Web page caption snippets:
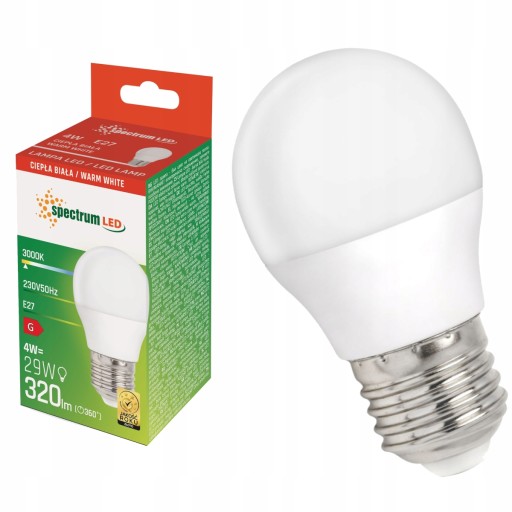 LED žiarovka E27 SMD 2835 WARM 320lm 4W GUĽ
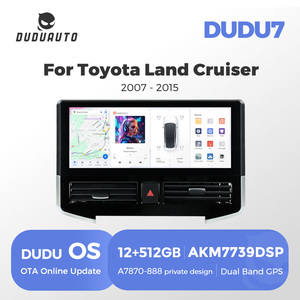 วิทยุติดรถยนต์ DUDUAUTO DUDU7 A7870 AKM7739 VELVET DSP TDA7808 แอมป์ 15 นิ้ว สำหรับรถยนต์โตโยต้าแลนด์ครุยเซอร์ ปี 2007-2015 - Product Image 1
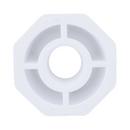 White PVC Schedule 40 Female Bushing 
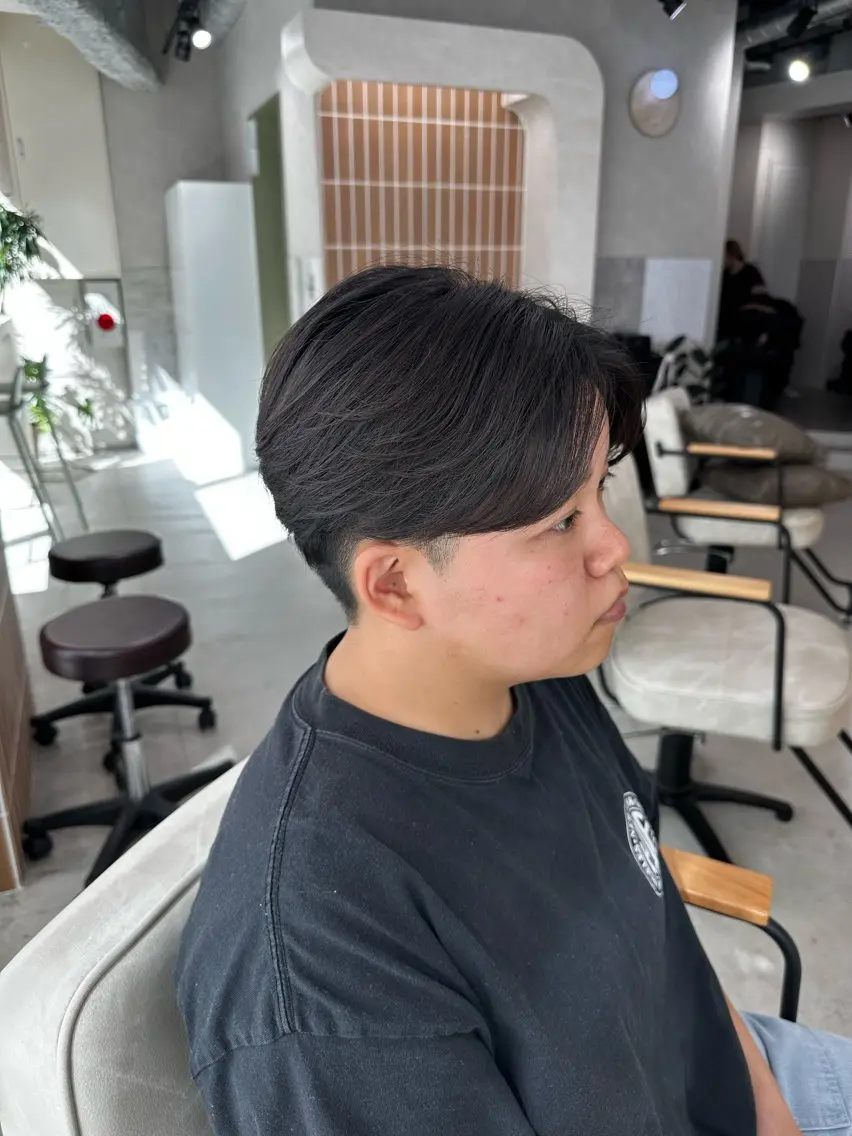 女性目線の好印象ヘアによるメンズカット+シャンプーの写真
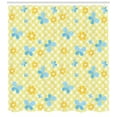 thumbnail image 3 of Ambesonne Checkered Shower Curtain, Daisy Butterfly, 69"Wx70"L, Pale Blue Pale Blue, 3 of 3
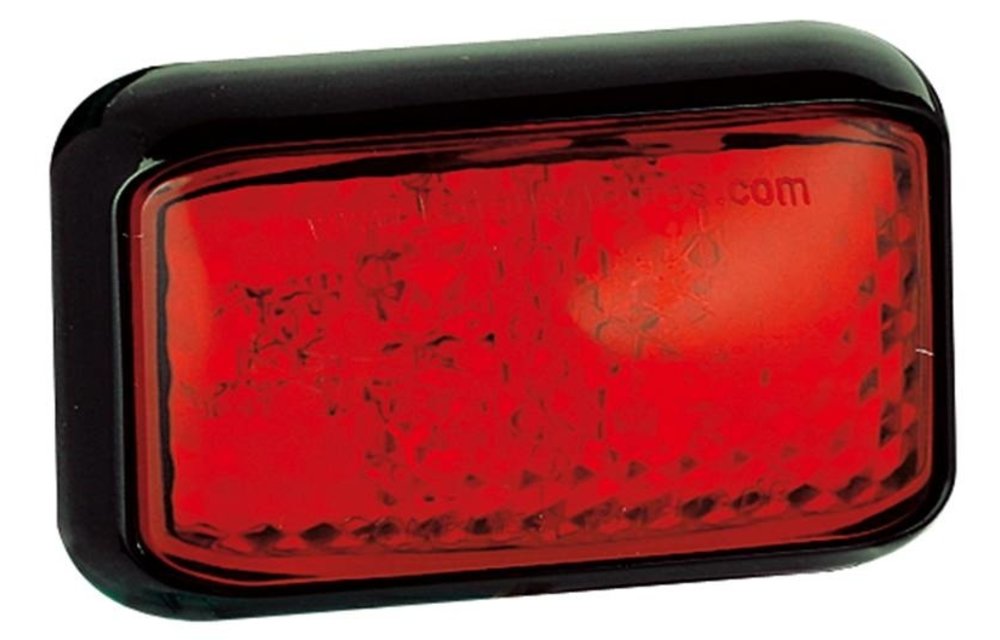 LED Umrissleuchte rot | 12-24V | 40cm. Kabel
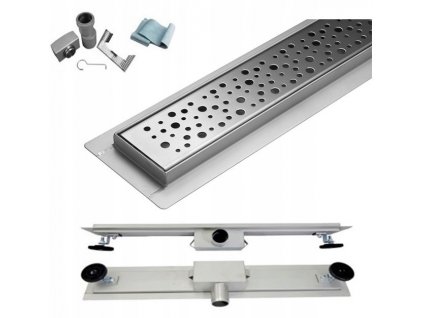 Sprchový žľab - LINEÁRNA SPRCHA VYPÚŠŤAŤ VYPÚŠŤAČKY 30CM NÍZKE 52MM_0
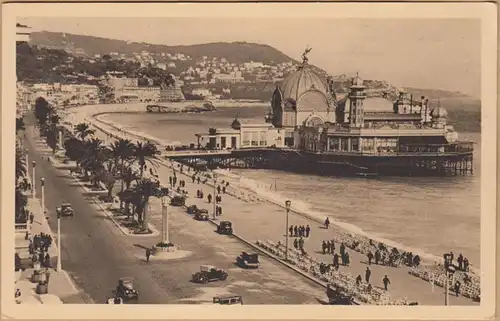 CPA Nice, Promenade dea Anglais et Casino de la Jetee, ungel.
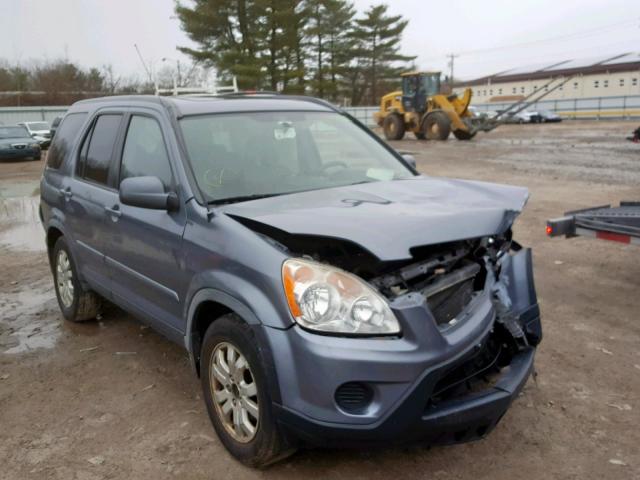 JHLRD78926C046219 - 2006 HONDA CR-V SE GRAY photo 1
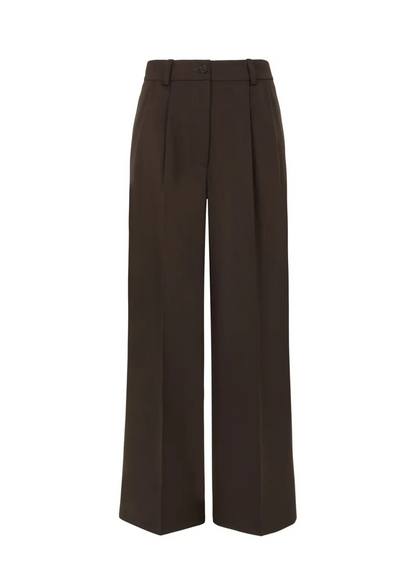 Brown pants on a white background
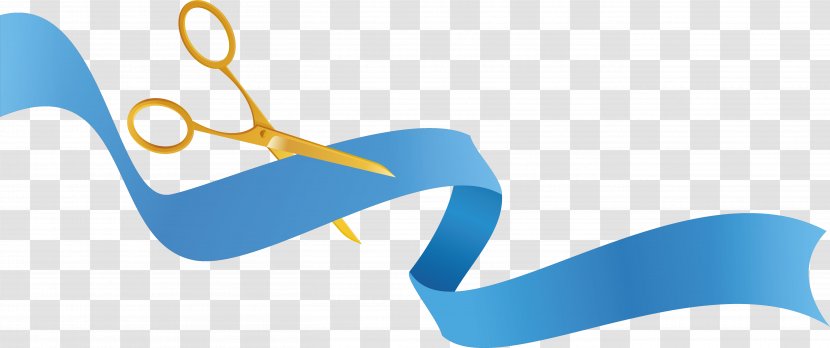 Ribbon Blue Computer File - Opening Ceremony Transparent PNG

** Prompt **
Start with the line holding "Brown pants on a white background" and repeat exactly every line through the final line of the records above, but no pictures and nothing more.

** Expected answer **
 Brown pants on a white background
 Ribbon Blue Computer File - Opening Ceremony Transparent PNG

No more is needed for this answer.